Genel Başkanı Ayçin, dünyanın hiçbir ülkesinde havacılıkta grevin yasak olmadığına dikkat çekmiş ve üyesi oldukları üst kuruluş Uluslararası Taşımacılık İşçileri Federasyonu’nun (ITF) ILO’ya bu konuda başvuruda bulunduğunu belirtmişti.

Bunun üzerine Uluslararası Çalışma Standartları Departmanı, Sendika Özgürlüğünden Sorumlu Müdür Yardımcısı Karen Curtis, böyle bir uygulamanın Anayasa'ya, uluslararası sözleşmelere ve demokratik normlara aykırı olduğunu belirtmiş, sendikal özgürlüklerin kısıtlanması konusunda tavrını değiştirmesi için hükümete uyarıda bulunmuştu.

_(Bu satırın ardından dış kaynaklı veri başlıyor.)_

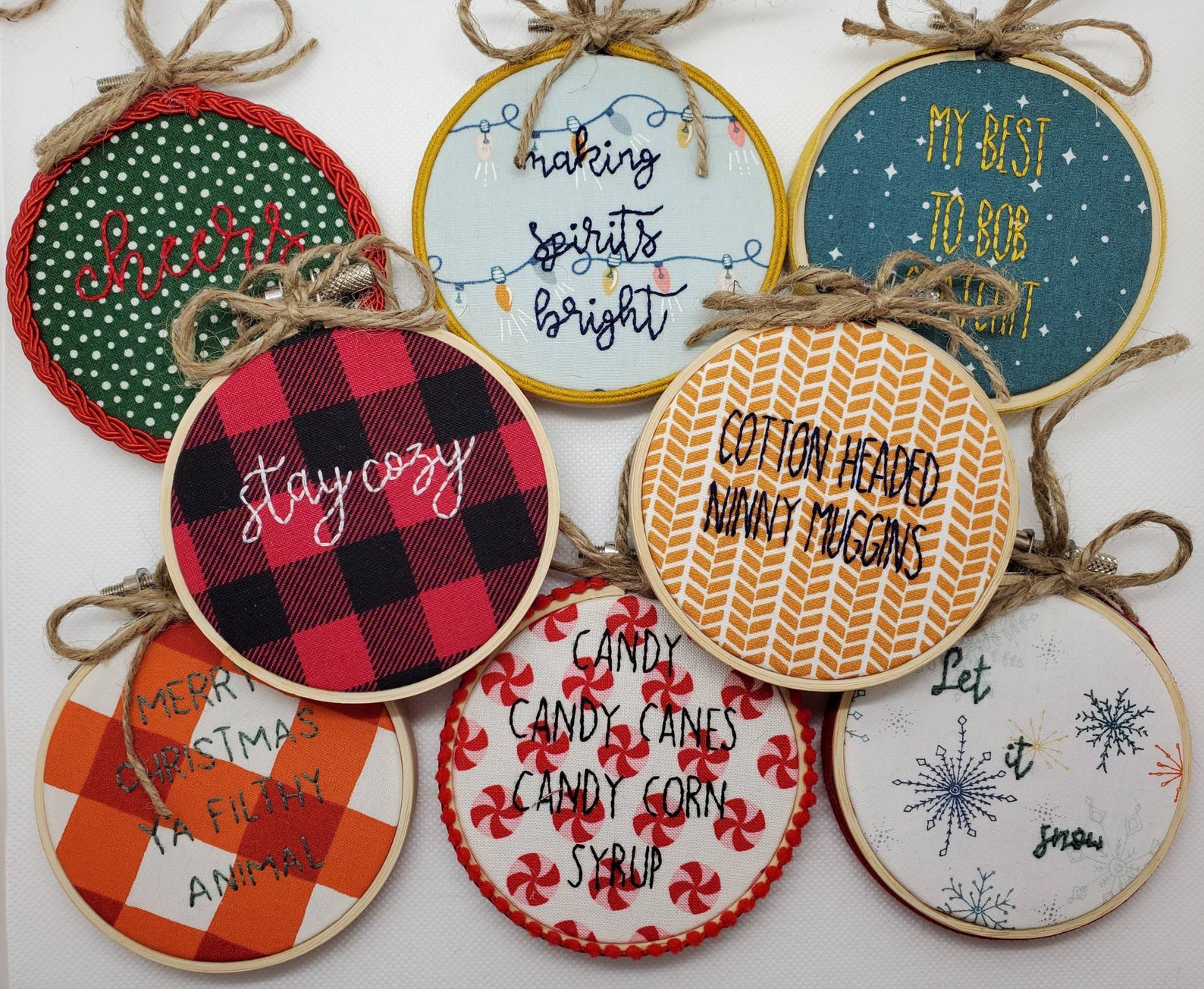 Hand stitched embroidery hoop ornaments: Cool gifts for adults under $15
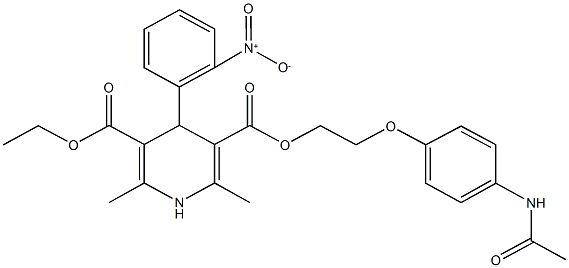 3-{2-[4-(acetylamino)phenoxy]ethyl} 5-ethyl 4-{2-nitrophenyl}-2,6-dimethyl-1,4-dihydro-3,5-pyridinedicarboxylate Structure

En hızlı ve en çok kadrolaşma THY’de
Hava-İş Genel Başkanı Atilay Ayçin, Türk Hava Yolları yönetiminin hizmet alımı ve geçici işçi konusunda iş kollarına ciddi bir takım operasyonlar yaptığını ileri sürmüş, "İşveren ağırlıklı olarak uçuşun operasyonel kısmını elinde tutup, diğer hizmetleri tamamen dışardan taşeron firmadan yani geçici işçilik ya da hizmet alımı yapmak istiyor" şeklinde konuşmuştu.

THY’de esnek çalışma standartlarının uygulanmaya çalışıldığını ifade eden Ayçin, “Kelimenin tam anlamıyla ilkel kölelik şartlarına uygun bir biçim. Önü Avrupalı arka kısmı geri kalmış Afrika ülkelerindeki şartlara uygun bir çalışma biçimi isteniyor, bunun kabul görmesi mümkün değil” diyerek işveren sendikalarının da aynı görüşte olduklarını dile getirmişti.
Bugünkü THY yönetiminin yedi yıl önce göreve geldiğinde şirketin 65 uçak 12 bin 560 çalışan ve 12 milyon yolcu taşıdığını kaydeden Ayçin, bugün 140 uçakla 20 milyon yolcu taşınmasına rağmen, personel sayısının aynı kaldığına dikkat çekmişti.